Basta imaginar a passagem do ex-capitão por Brasília se ele tivesse um partido majoritário no Congresso
O sistema político brasileiro não é visto com bons olhos pela imensa maioria dos acadêmicos e dos jornalistas. Uns e outros buscam persuadir os leigos de que nada ou muito pouco presta no presidencialismo de coalizão, corolário de um sistema partidário notoriamente fragmentado. Em especial, investem contra a partilha de ministérios e cargos de primeiro escalão, vital para a formação da base governista no Congresso, e a política de liberação de recursos para emendas parlamentares, que azeita a aprovação de projetos de interesse do governo.
Muitos julgam ainda excessivo o poder dos governadores em assuntos nacionais. E se dizem preocupados com a judicialização das disputas políticas e o protagonismo das instituições judiciais, particularmente do STF (Supremo Tribunal Federal) e do TSE (Tribunal Superior Eleitoral).
Para os críticos, esse sistema emperra decisões; baseia-se em caro toma-lá, dá-cá; dificulta a adoção de reformas importantes; e multiplica as oportunidades para a apropriação indevida de recursos públicos —a velha e onipresente corrupção.
Talvez seja hora de contrapor às críticas as vantagens de um sistema que impede a concentração excessiva de poder no Executivo, bem como o governo de um único partido majoritário. Em consequência, obriga à negociação entre interesses diversos, à busca de consensos e, nesse processo, favorece soluções moderadas. Por último, o mais importante: o seu papel como dique de contenção a arroubos de um mandatário com vocação autoritária.
No passado recente, foram essas as instituições que impediram Bolsonaro de exercer seu despotismo, limitando o estrago de suas políticas destrutivas. Basta imaginar o que poderia ter sido a passagem do ex-capitão por Brasília, tivesse ele um partido majoritário no Congresso; a prerrogativa de indicar prepostos para administrar regiões sem autonomia frente ao governo central; e, por fim, contasse com um Judiciário subjugado.

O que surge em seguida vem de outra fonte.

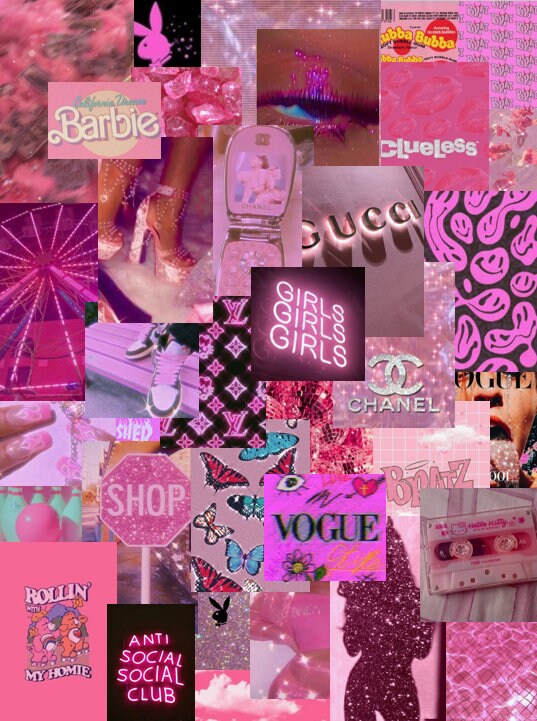 Pretty In Pink Photo Wall Collage Kit Instant Download 54 | Etsy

É esse arranjo tido como mal-ajambrado, no qual a negociação política é tão crua quanto aberta, que tem permitido, pela busca de convergências, definir novas regras fiscais e a tão esperada Reforma Tributária. E mais do que permitir, requer um governo disposto e capaz de dialogar para chegar ao que a ministra dos Povos Indígenas, Sônia Guajajara, em recente entrevista ao jornal Valor, chamou de solução “meio-termo” ao tratar do controverso marco temporal para a demarcação das terras indígenas. Afinal, meio-termo, negociação, moderação, construção de consensos são alguns dos tantos nomes da política democrática. Antes assim.
Tiro uma semana de férias. Volto no fim do mês.